Whose BBC?
Des Freedman
From the revelations about Jimmy Savile in 2012 to the gender pay gap debacle in 2017, the BBC was for many years its own worst enemy. Now, confronted with a rampaging US president and increasingly confident domestic opponents, some of whom sit on the corporation’s board, the BBC is embroiled in a crisis that has so far seen the resignations of two senior executives and the threat of a billion-dollar lawsuit from Donald Trump.
The immediate trigger was a dossier of allegations of liberal bias that was leaked to the Daily Telegraph. Most prominent among them was Panorama’s editing of Trump’s speech on 6 January 2021 to make it look as if the defeated president was directly calling for violence at the US Capitol. The programme certainly messed with his words but it’s far from clear that it misrepresented the overall impact of Trump’s behaviour on that day.

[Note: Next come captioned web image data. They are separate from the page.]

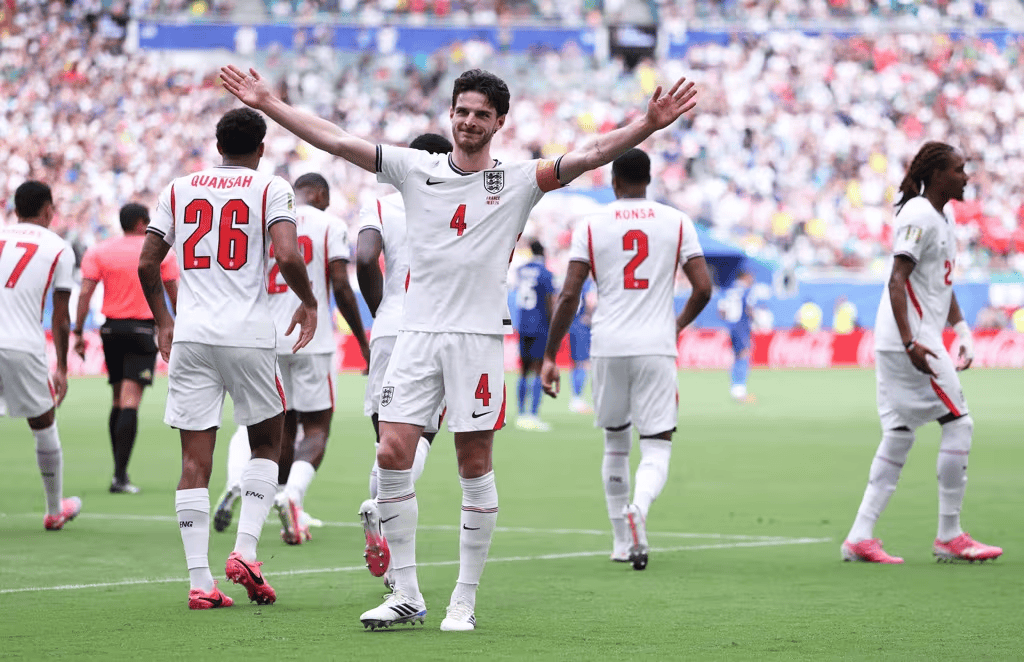 Mundial 2026: Inglaterra conquista el tercer puesto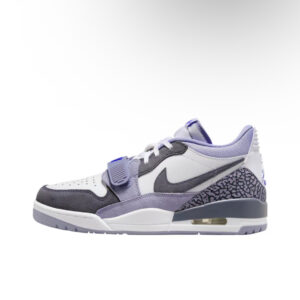 [CD7069-108] Giày air jordan legacy 312 low ‘White Purple Comet’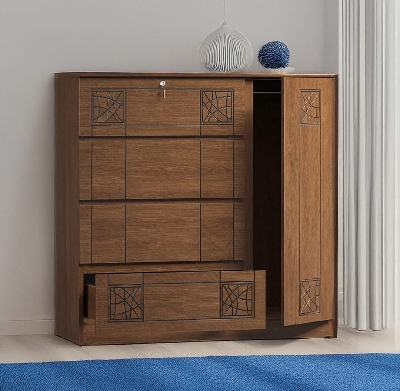 Picture of Best Quality Furniture WARDROBE,Sideboard Side Storage Cabinet 54/48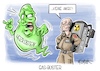 Cartoon: Gas-Buster (small) by Mirco Tomicek tagged regierungserklärung,olaf,scholz,entlastungen,entlastungspaket,heizkosten,gas,gaspreise,heizung,heizen,gasversorgung,atomenergie,energien,energiepreise,atom,atomkraftwerk,kraftwerk,akw,winter,halloween,ghostbusters,cartoon,karikatur,pressekarikatur,mirco,tomicek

Dodgy splicing – or ‘Frankenstein editing’, as one BBC staff member described the Panorama case to me – isn’t usually sufficient to bring down the leadership. When the BBC changed the order of events in its coverage of the Battle of Orgreave during the 1984-85 miners’ strike to make it look as if the miners, rather than the police, had instigated the violence, the then assistant director general admitted that its report ‘might not have been wholly impartial’. But no heads rolled and no one’s career suffered. When a 2019 edition of Panorama re-edited interviews to make it look as if Jeremy Corbyn’s Labour Party was riddled with antisemites, the programme was nominated for a BAFTA.

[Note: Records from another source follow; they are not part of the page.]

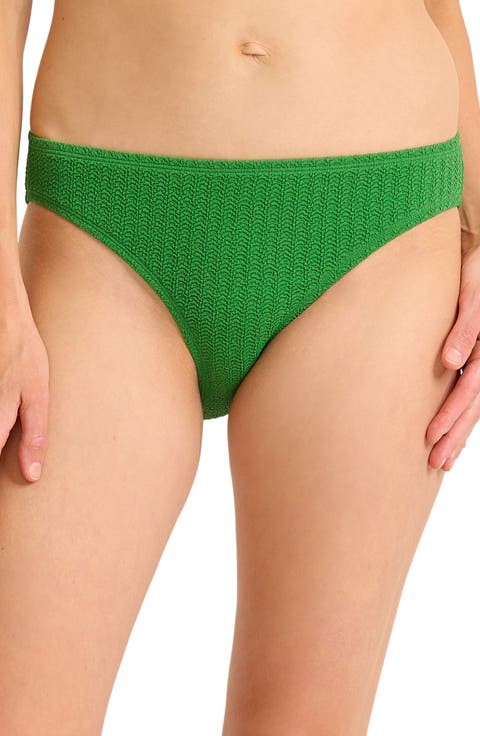 Beachy Waves Bandini Swm Top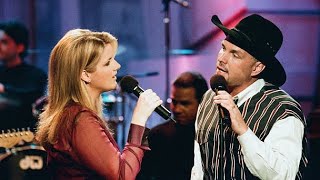 Garth Brooks &amp; Trisha Yearwood | In Another's Eyes (Live)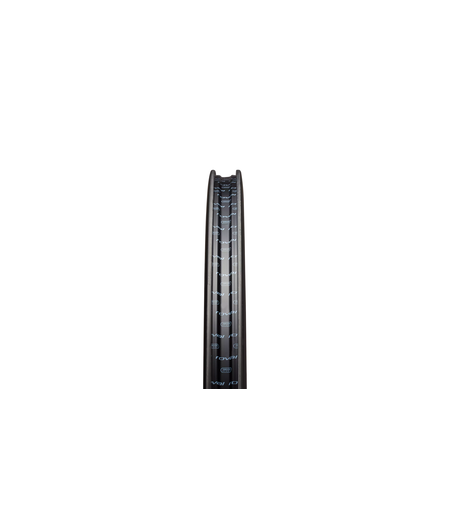 Roval Rapide Sprint CLX Carbon Wheelset - Front & Rear Pair 700c - Satin Carbon/Gloss Black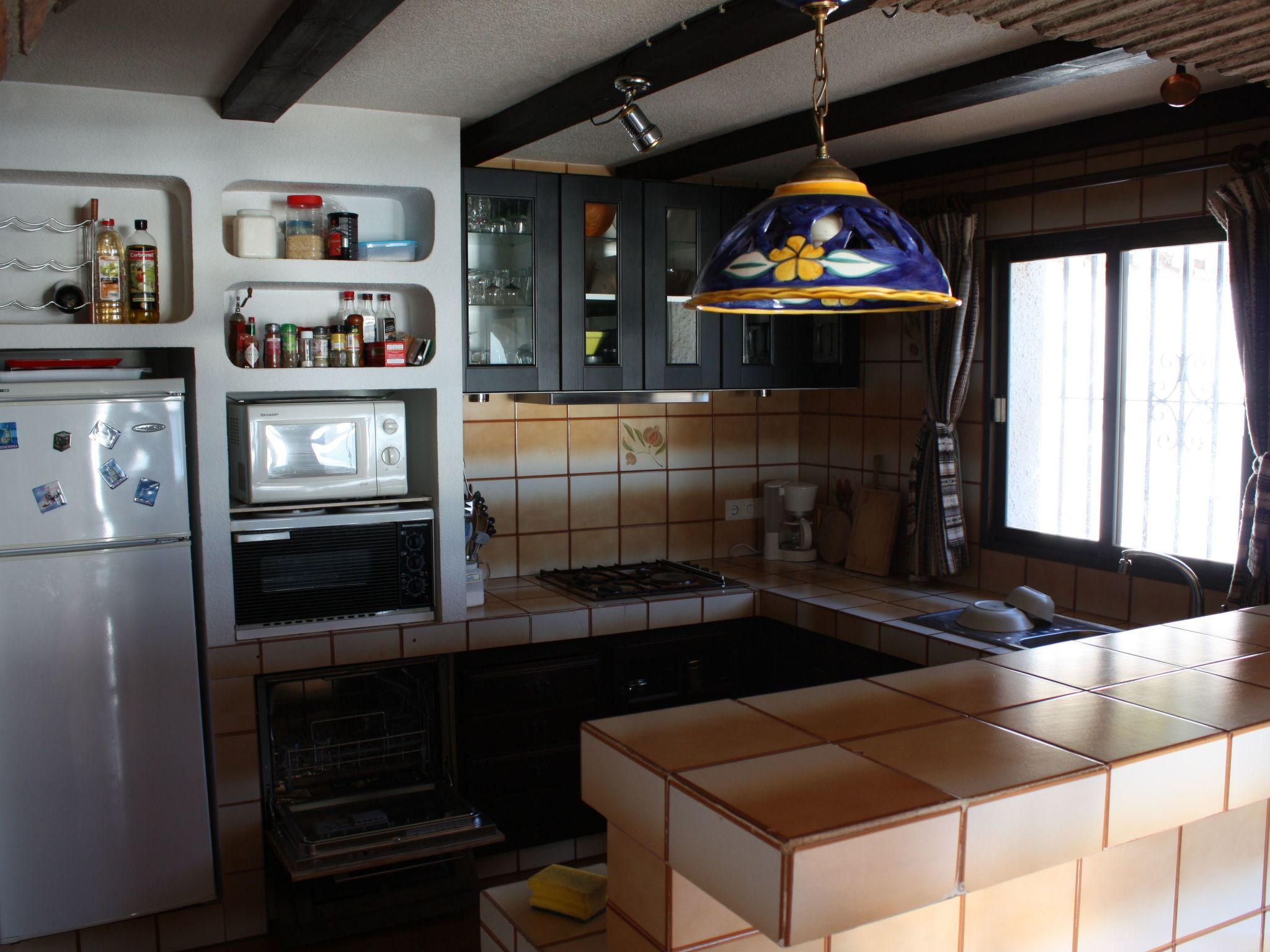 Für 4 Personen  + 2 Kinder ca. 100 m&sup2; in Almuñécar, Andalusien (Provinz Gr-Image-tags.info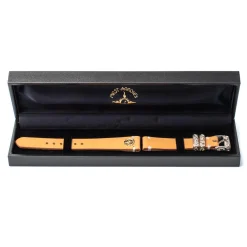 First Arrow's K18 Watch Strap Brown Leather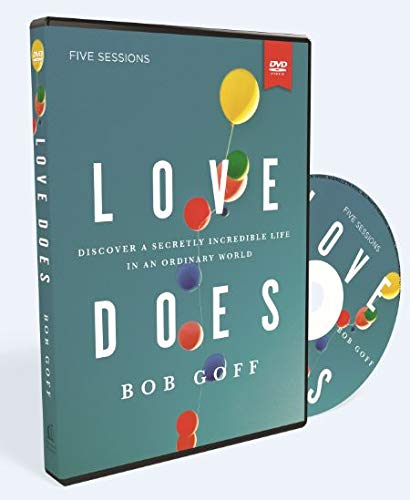 DVD-Love Does: A DVD Study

This time it seems that the director general, Tim Davie, and head of news, Deborah Turness, were the victims of a sustained campaign by right-wing newspapers, backed by an assortment of Tory and Reform MPs, to destabilise the corporation. Unusually, these voices have a presence on the BBC board: Robbie Gibb, a former director of communications for Theresa May and self-declared Thatcherite, also sits on the editorial guidelines and standards committee that is supposed to ensure impartiality. It was his friend Michael Prescott, a former independent adviser to that committee, who delivered the ‘dossier’ to the BBC board that sparked the current crisis.

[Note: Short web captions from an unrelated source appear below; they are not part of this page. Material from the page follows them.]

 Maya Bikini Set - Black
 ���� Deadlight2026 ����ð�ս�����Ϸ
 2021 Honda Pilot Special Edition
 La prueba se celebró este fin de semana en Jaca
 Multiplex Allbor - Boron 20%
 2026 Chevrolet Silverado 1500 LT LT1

By going out of its way to appease its critics on the right – by, for example, providing disproportionate coverage of Reform and amplifying right-wing talking points from social media – the BBC has only fuelled the forces that are set on undermining it. In a detailed account of its newsroom culture, Lewis Goodall, a former Newsnight policy editor, highlights ‘the BBC’s tendency to move, unthinkingly, to wherever received wisdom is at any given moment – something it will be doing again, but in a rightward direction, right now, given the ideological winds have shifted.’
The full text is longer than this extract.